_THE PROBLEM_. Work through the data below and give the number of lines holding "Kids", nothing more.

_INPUT DATA_.
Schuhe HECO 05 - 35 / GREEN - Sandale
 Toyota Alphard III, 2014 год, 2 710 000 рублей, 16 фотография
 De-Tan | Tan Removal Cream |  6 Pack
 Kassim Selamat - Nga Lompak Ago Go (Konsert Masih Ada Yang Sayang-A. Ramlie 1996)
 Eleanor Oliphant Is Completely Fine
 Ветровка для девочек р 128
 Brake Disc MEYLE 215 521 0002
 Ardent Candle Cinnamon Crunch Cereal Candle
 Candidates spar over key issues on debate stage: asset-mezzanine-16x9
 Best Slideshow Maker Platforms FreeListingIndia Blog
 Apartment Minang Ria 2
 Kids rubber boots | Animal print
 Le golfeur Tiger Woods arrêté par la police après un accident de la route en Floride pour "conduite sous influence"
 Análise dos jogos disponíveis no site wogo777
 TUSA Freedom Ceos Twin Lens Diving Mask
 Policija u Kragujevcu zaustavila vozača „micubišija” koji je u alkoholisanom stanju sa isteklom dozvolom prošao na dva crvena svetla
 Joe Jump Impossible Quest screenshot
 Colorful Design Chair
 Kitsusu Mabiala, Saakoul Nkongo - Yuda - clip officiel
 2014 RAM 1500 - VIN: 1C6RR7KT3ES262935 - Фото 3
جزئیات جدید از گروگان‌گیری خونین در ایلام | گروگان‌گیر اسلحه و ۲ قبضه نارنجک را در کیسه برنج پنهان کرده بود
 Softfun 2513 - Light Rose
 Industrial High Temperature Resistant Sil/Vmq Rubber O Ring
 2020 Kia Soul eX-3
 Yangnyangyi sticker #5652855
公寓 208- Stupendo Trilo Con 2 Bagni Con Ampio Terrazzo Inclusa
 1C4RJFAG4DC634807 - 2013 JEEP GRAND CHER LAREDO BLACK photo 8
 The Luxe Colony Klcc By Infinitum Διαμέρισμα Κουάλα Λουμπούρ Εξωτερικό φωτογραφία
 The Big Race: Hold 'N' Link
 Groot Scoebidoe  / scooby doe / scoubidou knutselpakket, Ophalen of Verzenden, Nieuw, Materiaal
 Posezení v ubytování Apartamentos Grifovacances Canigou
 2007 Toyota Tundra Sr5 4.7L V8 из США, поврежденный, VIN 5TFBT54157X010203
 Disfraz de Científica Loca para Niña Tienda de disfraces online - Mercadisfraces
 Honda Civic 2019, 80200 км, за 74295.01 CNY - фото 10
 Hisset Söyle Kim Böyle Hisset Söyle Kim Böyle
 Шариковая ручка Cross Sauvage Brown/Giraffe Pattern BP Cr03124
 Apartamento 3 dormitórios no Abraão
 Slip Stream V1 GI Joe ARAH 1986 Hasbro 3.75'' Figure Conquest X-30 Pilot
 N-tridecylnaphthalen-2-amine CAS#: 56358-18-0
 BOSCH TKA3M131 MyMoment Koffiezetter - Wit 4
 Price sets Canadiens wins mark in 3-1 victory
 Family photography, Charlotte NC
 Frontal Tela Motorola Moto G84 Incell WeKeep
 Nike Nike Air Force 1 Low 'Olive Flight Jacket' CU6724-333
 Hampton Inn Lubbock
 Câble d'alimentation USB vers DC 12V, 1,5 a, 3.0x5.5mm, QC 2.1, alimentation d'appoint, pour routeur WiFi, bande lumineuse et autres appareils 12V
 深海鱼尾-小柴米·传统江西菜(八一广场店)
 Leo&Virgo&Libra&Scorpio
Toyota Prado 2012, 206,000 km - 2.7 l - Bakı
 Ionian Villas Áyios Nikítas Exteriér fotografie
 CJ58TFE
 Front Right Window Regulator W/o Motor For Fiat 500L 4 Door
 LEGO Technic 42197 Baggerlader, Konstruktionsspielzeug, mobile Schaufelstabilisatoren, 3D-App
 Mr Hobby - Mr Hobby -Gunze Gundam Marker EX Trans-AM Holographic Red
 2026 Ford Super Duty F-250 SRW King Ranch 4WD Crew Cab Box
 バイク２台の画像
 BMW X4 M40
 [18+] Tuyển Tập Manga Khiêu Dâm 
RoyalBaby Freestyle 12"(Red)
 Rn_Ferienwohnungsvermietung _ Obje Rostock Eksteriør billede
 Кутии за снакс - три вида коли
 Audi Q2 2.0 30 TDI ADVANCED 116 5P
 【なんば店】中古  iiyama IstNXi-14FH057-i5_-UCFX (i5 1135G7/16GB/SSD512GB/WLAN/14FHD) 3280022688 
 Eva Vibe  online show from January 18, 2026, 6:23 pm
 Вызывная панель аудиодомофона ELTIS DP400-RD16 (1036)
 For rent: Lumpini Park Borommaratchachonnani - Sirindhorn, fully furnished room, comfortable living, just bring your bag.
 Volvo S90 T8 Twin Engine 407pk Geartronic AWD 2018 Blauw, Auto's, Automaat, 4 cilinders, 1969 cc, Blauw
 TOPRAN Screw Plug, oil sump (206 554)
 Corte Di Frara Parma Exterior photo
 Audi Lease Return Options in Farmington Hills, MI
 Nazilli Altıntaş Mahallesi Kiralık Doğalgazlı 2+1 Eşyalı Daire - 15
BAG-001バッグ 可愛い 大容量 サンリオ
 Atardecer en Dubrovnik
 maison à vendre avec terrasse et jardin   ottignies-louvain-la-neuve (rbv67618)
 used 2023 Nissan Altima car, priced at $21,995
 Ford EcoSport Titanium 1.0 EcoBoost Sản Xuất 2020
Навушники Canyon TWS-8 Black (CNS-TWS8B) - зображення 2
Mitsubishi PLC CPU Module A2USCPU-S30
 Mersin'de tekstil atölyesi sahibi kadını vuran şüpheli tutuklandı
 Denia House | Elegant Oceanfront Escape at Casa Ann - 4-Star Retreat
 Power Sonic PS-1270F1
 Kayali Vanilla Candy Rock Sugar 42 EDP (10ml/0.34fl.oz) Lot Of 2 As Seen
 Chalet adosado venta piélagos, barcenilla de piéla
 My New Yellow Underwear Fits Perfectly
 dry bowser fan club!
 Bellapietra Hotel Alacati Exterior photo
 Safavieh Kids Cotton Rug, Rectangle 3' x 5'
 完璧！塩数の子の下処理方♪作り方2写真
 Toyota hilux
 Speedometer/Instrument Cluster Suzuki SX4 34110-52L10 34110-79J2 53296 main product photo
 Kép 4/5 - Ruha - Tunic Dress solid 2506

_ANSWER_. 2